The show opened with a red velvet suit—boxy, oversized, commanding. The silhouette for men was exaggerated, baggy yet intentional, with brand logos stitched onto sleeves in an almost couture-like nod to craftsmanship. Accessories played their part in dramatizing the looks: pearl rosaries, gold jewelry, dangling keychains, gloves, and rose pins punctuated the collection’s softer, romantic elements. The garments spanned from sharply tailored suits to flowing dresses, tracksuits, and band-merch-style T-shirts—Chavarria proving once again that he designs across gender with equal fluency.


Then came the shift. Suddenly, models emerged in pieces from the Adidas collaboration, splitting the presentation into two acts. What began as an artful study in contrasts pivoted into something more commercial—branded joggers, elastic-waistband streetwear, the language of global sportswear giants. The transition was jarring—perhaps deliberately so.

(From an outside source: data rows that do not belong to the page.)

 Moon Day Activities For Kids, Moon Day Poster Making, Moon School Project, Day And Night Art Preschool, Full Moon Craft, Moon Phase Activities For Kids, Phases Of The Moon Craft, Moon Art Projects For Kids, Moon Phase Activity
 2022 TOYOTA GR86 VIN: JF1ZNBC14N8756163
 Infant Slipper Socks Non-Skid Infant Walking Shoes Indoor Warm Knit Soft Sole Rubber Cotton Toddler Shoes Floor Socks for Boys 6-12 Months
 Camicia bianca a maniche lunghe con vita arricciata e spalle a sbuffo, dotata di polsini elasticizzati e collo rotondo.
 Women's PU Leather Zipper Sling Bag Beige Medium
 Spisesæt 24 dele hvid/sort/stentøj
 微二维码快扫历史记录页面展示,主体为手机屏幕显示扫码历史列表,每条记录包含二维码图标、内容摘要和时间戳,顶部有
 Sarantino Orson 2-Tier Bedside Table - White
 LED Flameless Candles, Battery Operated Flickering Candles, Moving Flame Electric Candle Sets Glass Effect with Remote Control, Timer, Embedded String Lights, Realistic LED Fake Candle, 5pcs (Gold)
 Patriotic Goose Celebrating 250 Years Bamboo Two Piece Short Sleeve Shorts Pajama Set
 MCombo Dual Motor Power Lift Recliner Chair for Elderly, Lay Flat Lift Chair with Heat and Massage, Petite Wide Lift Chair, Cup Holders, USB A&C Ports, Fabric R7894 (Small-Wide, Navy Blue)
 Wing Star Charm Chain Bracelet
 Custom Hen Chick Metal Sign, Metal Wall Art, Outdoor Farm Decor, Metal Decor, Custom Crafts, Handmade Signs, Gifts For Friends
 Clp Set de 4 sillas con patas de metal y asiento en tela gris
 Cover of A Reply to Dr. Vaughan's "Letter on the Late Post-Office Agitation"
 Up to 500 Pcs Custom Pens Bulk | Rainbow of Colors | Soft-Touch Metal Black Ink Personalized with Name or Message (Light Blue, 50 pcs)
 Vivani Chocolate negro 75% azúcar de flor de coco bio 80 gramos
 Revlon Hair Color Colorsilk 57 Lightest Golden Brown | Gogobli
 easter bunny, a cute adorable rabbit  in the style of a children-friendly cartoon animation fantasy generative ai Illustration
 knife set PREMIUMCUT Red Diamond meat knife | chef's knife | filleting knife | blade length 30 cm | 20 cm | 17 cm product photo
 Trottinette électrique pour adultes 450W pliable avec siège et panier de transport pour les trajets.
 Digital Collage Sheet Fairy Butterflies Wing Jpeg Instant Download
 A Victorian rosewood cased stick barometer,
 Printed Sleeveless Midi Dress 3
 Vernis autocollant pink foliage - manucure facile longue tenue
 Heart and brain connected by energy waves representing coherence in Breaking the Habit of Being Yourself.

But it was the final act that truly sealed Chavarria’s message. As the models made their last walk, spoken word echoed through the space, reflecting on fear, identity, and marginalization in America. A political statement played out on a Parisian runway, a move that—love it or question it—felt distinctly American.


And yet, even with the theatrics, the collection itself stood strong. The womenswear, in particular, felt like a revelation—sleek, sharp, femme fatale energy woven into every silhouette. Chavarria may be known for menswear, but his womenswear offerings hint at something truly special. A future expansion, perhaps? One can only hope.


Ultimately, TARANTULA was a study in contrasts—sincerity and commerciality, theatre and statement, past and present. If this is what Chavarria looks like on a global stage, Paris might just have to make room.